A framework for developing applications powered by language models
Provides tools for prompt optimization and chaining multiple AI operations

Together, these frameworks offer a robust foundation for enterprise GenAI applications:

PromptFlow excels in managing complex prompt workflows
LangChain provides powerful tools for interacting with LLMs and structuring applications

Building the Application: A Step-by-Step Approach

Define your application requirements and use cases: Defining your application requirements and use cases is a pivotal step in developing a successful Retrieval-Augmented Generation (RAG) system for document processing. Begin by identifying the core objectives of your application, such as the types of documents it will handle, the specific data it needs to extract, and the desired output format. Clearly outline the use cases, such as automated report generation, data extraction for business intelligence, or enhancing customer support through better information retrieval. Detail the functional requirements, including the ability to parse various document formats, the accuracy and speed of the retrieval process, and the integration capabilities with existing systems. Additionally, consider non-functional requirements like scalability, security, and user accessibility. By thoroughly defining these aspects, you create a roadmap that guides the development process, ensuring the final application meets user expectations and delivers tangible value.
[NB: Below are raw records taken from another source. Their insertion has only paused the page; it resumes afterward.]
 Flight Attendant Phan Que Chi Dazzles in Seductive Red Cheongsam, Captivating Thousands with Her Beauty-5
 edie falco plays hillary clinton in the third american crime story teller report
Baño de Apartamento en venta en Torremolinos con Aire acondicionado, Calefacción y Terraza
Set up your development environment with PromptFlow and LangChain: Setting up your development environment with PromptFlow and LangChain is essential for building an efficient Retrieval-Augmented Generation (RAG) application. Start by ensuring you have a robust development setup, including a compatible operating system, necessary software dependencies, and a version control system like Git. Install PromptFlow, a powerful tool for designing, testing, and deploying prompt-based applications. This tool will streamline your workflow, allowing you to create, test, and optimize prompts with ease. Next, integrate LangChain, a versatile framework designed to facilitate the use of language models in your applications. LangChain provides modules for chaining together various components, such as prompts, retrieval mechanisms, and post-processing steps, enabling you to build complex RAG systems efficiently. Configure your environment to support these tools, ensuring you have the necessary libraries and frameworks installed, and set up a virtual environment to manage dependencies. By meticulously setting up your development environment with PromptFlow and LangChain, you lay a solid foundation for creating a robust, scalable, and efficient RAG application.

Start with a Prompt Flow project.

pf flow init --flow rag-langchain-pf --type chat

As soon as you run this you will able to see a folder with below files.
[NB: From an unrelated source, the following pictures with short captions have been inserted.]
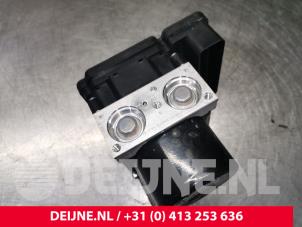 Volvo V40 ABS Pumpe O134471 foto 3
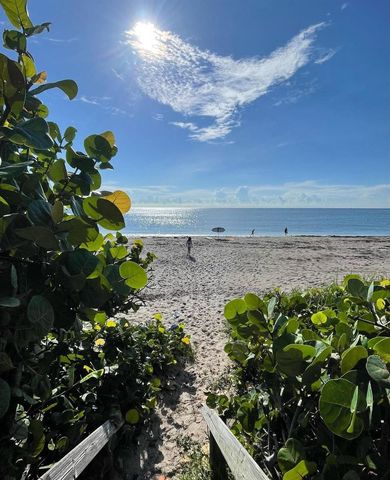 14 Colonial Club Drive 300, Boynton Beach, FL 33435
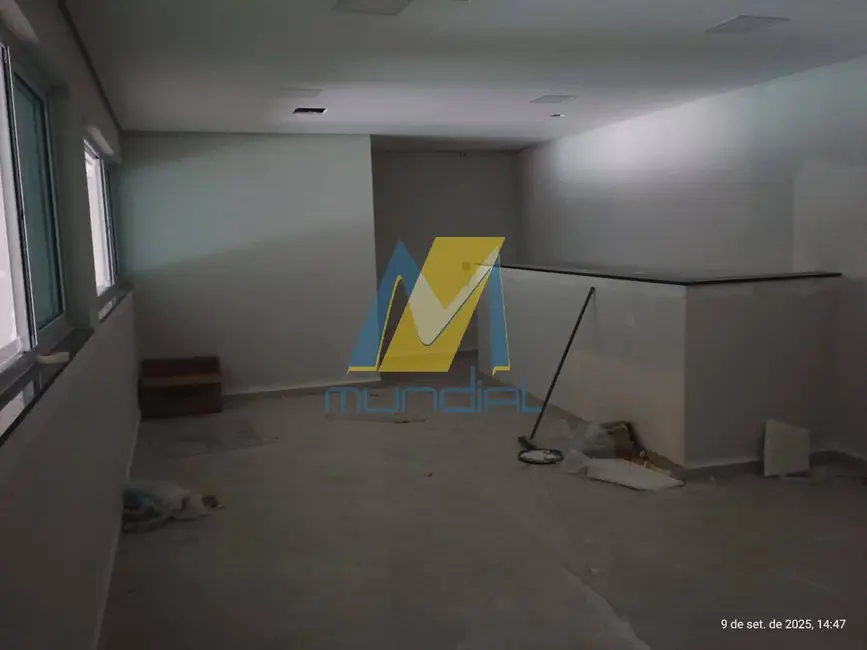 Sala Comercial para alugar, 300m2 em Utinga, Santo Andre - SP - imagem 6 Foto 6 de Sala Comercial para alugar, 300m2 em Utinga, Santo Andre - SP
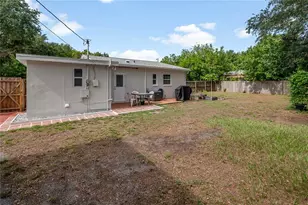 2151 44th Ave N, Saint Petersburg, FL 33714 - Photo 3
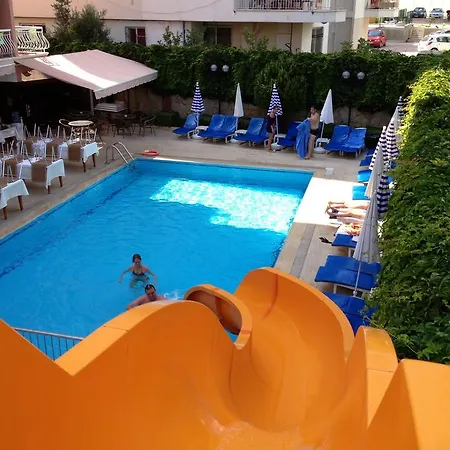 Lara Dinc Otel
Design your prompt flow using PromptFlow's visual interface: Designing your prompt flow using PromptFlow's visual interface is a crucial step in developing an intuitive and effective Retrieval-Augmented Generation (RAG) application. Begin by familiarizing yourself with PromptFlow's drag-and-drop interface, which allows you to visually map out the sequence of prompts and actions your application will execute. Start by defining the initial input prompts that will trigger the retrieval of relevant documents. Use the visual interface to connect these prompts to subsequent actions, such as querying your document database or calling external APIs for additional data.

Next, incorporate conditional logic to handle various user inputs and scenarios, ensuring that your prompt flow can adapt dynamically to different contexts. Leverage PromptFlow's built-in modules to integrate language model responses, enabling seamless transitions between retrieving information and generating human-like text. As you design the flow, make use of visual debugging tools to test each step, ensuring that the prompts and actions work together harmoniously. This iterative process allows you to refine and optimize the prompt flow, making it more efficient and responsive to user needs. By taking advantage of PromptFlow's visual interface, you can create a clear, logical, and efficient prompt flow that enhances the overall performance and user experience of your RAG application.

First install the visual studio extension for Prompt Flow.

Once you installed the PromptFlow Extension, you will be able to see the Flow you just created using PF Init. If you open the Flow you will see below

Next you create a custom connection which will store Azure OpenAI/ACS keys and endpoints. Create a file called langchain_pf_connection.yaml. Paste the below details there.

Code:

$schema: https://azuremlschemas.azureedge.net/promptflow/latest/CustomConnection.schema.json
name: langchain_pf_connection
type: custom
configs:
  test_key: test_value
secrets:  # required
  AZURE_OPENAI_ENDPOINT: https://XXXX.openai.azure.com/
  AZURE_OPENAI_GPT_DEPLOYMENT: gpt-4o
  AZURE_OPENAI_API_KEY: XXXX
  ACS_ENDPOINT: https://search-XXXX.search.windows.net
  ACS_KEY: XXXX

Now run the below command to create the custom connection in the terminal.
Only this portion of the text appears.